Total, que el sábado por la mañana, dispusimos todos los
preparativos para nuestro viaje de fin de semana recortado. Finalmente salimos
cuatro en un único coche (Ana, Claudia, Myriam – que no patinaría – y un
servidor). Sin prisa y con unas cuantas cosas que tener en cuenta y preparar,
el caso es que salimos sobre las doce por la mañana. El día era lluvioso, por
lo que no invitaba a demasiados planes de esparcimiento. La circulación por
nuestra región era lenta y pesada, de esos días en los que da la impresión que
muchos conductores despistados y sin rumbo claro, parecen coincidir en el
trayecto, desviándose aquí, incorporándose allí, dudando más allá. Tal y como
ocurre siempre, a medida que nos acercábamos al Puerto del Escudo, el tráfico
se iba reduciendo hasta casi desaparecer por completo. El exigente puerto lo
superamos con densa niebla, lo cual no deja de ser algo habitual allí. Y
después circulamos con alternancia de claros y chaparrones a lo largo de todo
el trayecto hasta Burgos capital. Más tarde vino la autovía, también con
alternancia de aguaceros y tramos de sol. Nuestro destino inicial era Santo
Domingo de Silos, para lo cual pensaba desviarme en Lerma. La cuestión es que
resulta sorprendente como las señalizaciones de tráfico de nuestras carreteras,
no sólo mantienen significativas diferencias entre unos trazados u otros, algo
que me imagino tenga que ver con las modas y regulaciones administrativas
vigentes en las fechas en las que se construyen e inauguran cada una de ellas,
sino que no tratan igual, a la hora de dar información, a los habitantes (o
circulantes) de unas u otras procedencias. Lo digo porque ni antes, ni durante,
ni después del paso alrededor de Lerma, pude encontrar indicación alguna hacia mi
destino, ni referencia al número de la carretera que pensaba tomar. Vale, de
acuerdo, o me compro un GPS de coche (consumo que por ahora no tengo previsto)
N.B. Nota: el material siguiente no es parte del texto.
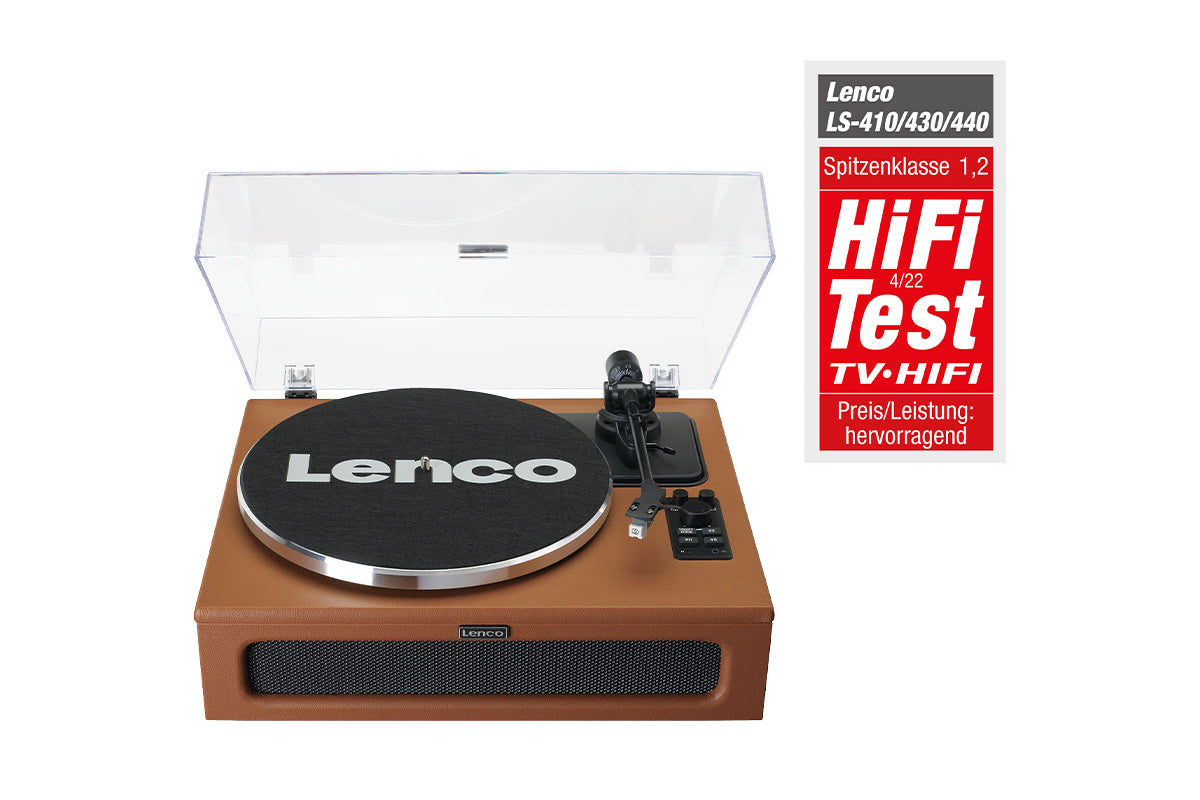 Lenco LS-430BN Turntable | Built-in Speakers | Brown-15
o me preparo y apunto todo de forma más detallada (tarea que se ha ido viendo
más y más necesaria a medida que el “progreso” avanza)… ¡Pero no! Esa no es la
cuestión, lo sorprendente es que si en vez de viajar de norte a sur, lo haces
en sentido contrario (cosa que quedó demostrada durante nuestro regreso),
entonces sí que te encuentras una colosal señal de indicación de salida de la
autovía hacia Santo Domingo de Silos. Se ve que en el MOPU (no sé si se sigue
llamando así) consideran que el canto gregoriano y el turismo antiguo sólo
interesa a los conductores procedentes de Madrid, o que quizá ellos necesitan
más información, no lo sé, no es fácil ponerse en lugar de la administración a
la hora de intentar interpretar sus procesos de pensamiento, ya que no es
humana, es un compendio de actuaciones humanas, pero tan compleja y plural, que
resulta hiper-humana (no sobrehumana).
En fin que con total indiferencia y ninguna alteración,
seguimos adelante para intentarlo más al sur. Aprovechamos el momento para
repostar, gasóleo para la máquina y bocadillos de tortilla para el pasaje,
además de algo de líquido y algunos caprichos de picoteo (el turrón elaborado
con “arena de ribera de embalse de agua dulce”, mejor ni lo menciono). La
siguiente opción, Gumiel de Izán, no la desaprovechamos, y desde allí, a través
de carreteras solitarias que atravesaban los campos, superando lomas, devorando
cambios de rasante y virando entre vaguadas, fuimos acercándonos hacia nuestro
destino programado. El paisaje castellano-burgalés estaba precioso. Inusitadamente
verde, con sus viñedos salteados por diferentes áreas y recovecos. Viñas
sembradas de forma ordenada y lineal, alteradas con otras que parecen más plantadas
a mano alzada. Cepas moldeadas con tiralíneas buscando constituir espalderas,
con otras en forma de copa, retorcidas y mucho más nudosas. Campos de hierbas
altas en primavera, algunas lomas rocosas, otras de rojo arcilloso, pequeñas
choperas cargadas de hojas revolucionadas por el viento. Y pueblos de piedra,
de casas sólidas, sin estridencias estéticas ni diseños vanguardistas de origen
nórdico. Pueblos aguerridos, con apariencia resistente al frío, al calor y al
paso del tiempo. Pocos pueblos en cualquier caso, mucho espacio, bastante
horizonte y una cinta estrecha de asfalto que surca todo este ondulado océano
de tierra.
Y así “navegamos” un buen rato hasta que pocos kilómetros
después de un cruce, llegamos al paraje natural del desfiladero de La Yecla, un
conjunto de rocas y peñas calizas, que la carretera surca a través de un
auténtico tajo sobre el terreno y de un par de túneles. Desafortunadamente
cometimos el error de no detenernos y aprovechar un paseo de pasarelas que el lugar
parece tener para su disfrute. Tiempo teníamos suficiente, pero nos faltó
información previa y el ánimo que una jornada de clima más benigno nos hubiera
proporcionado. En cualquier caso la visión panorámica desde el coche resultaba
singular y atractiva.
La tarde la pasamos en Santo Domingo. Alternamos tiempo para
un café con un paseo hasta una ermita desde la que poder llevarnos una visión
de conjunto de la población y con una visita a su museo y al afamado claustro
románico. El claustro es de gran belleza, uno de esos lugares en los que no te
importaría pasar más tiempo, mejor a solas, con buen asiento y lectura, sin
gente alrededor y sin el enlatado ritmo temporal de las visitas guiadas.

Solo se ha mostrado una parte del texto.